Tactics of minimisation have been central to Hillary Clinton’s political career. When stumbling takes place, go for the established book of deflective rules. When violations of the law take place, explain that it was normal at the time. Suggest that others had engaged in a form of conduct only subsequently frowned upon.
Such tactics should be kept in the dustbin of history. For the Clintons, they have consistently worked, giving that particular not so holy family a particularly nasty sense of political entitlement. They remain the ghouls of the US political establishment, paying (or rather withholding) tribute to the dead ideas of liberalism.
Evidently, the inappropriate use of a private server to conduct what were classified communications and potentially accessible to third-parties, did not seem grave enough a breach to warrant criminal charges.
That was the preliminary finding by the Federal Bureau of Investigation, which is concluding its investigation into Clinton’s use of a personal email system during her time as Secretary of State. The Bureau had received the referral from the Intelligence Community Inspector General seeking answers on whether classified information had been transmitted on that personal system during her time in office.
The statement by its director, James B. Comey, is worth noting, as it shows the extent the former First Lady and Secretary of State has managed to escape yet another pickle of systematic indiscretion. It also shows the degree of singularity Comey was offering his own statement.
He claimed, for instance, to have “not coordinated or reviewed this statement in any way with the Department of Justice or any other part of the government. They do not know what I am about to say.”
A rum sort of thing, especially given the prior remark that “the American people deserve those details in a case of intense public interest”. The only assumption one can draw from Comey here is that the FBI preferred to go it alone in this venture, bringing out the gory details less to inculpate the former Secretary than exonerate her.

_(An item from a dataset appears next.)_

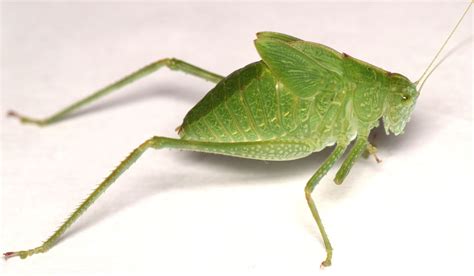 Greater Angle Wing Katydid Nymph Microcentrum Rhombifolium Bugguidenet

There was a potentially two-pronged trap for Clinton: a felonious violation of a federal law on the subject of mishandling classified information either intentionally or a grossly negligent way; or the misdemeanour of knowingly removing classified information from “appropriate systems or storage facilities.” Investigations into possible intrusions were also made.
Comey’s statement describes a mess. As Secretary of State, she used several email servers and relevant administrators, along with a host of mobile devices to view and convey emails via personal domains.
During the course of her stewardship at the Department, processes of replacement, storage and decommissioning took place. This compounded the problem, rendering the trail of messages fuzzy. The decommissioning in 2013 of one of the original servers, for instance, saw the removal of email software that was “like removing the frame from a huge finished jigsaw puzzle and dumping and pieces on the floor.” Hardly a picture of well drawn propriety on the part of the Secretary.
As for the emails Clinton proudly claimed she supplied to the Bureau for perusal – roughly 30,000 or so – 110 in 52 chains were “determined by the owning agency to contain classified information at the time they were sent or received.” Additional emails were also uncovered from the ether of deletions and archived email accounts of former employees, though these were generally deemed less significant.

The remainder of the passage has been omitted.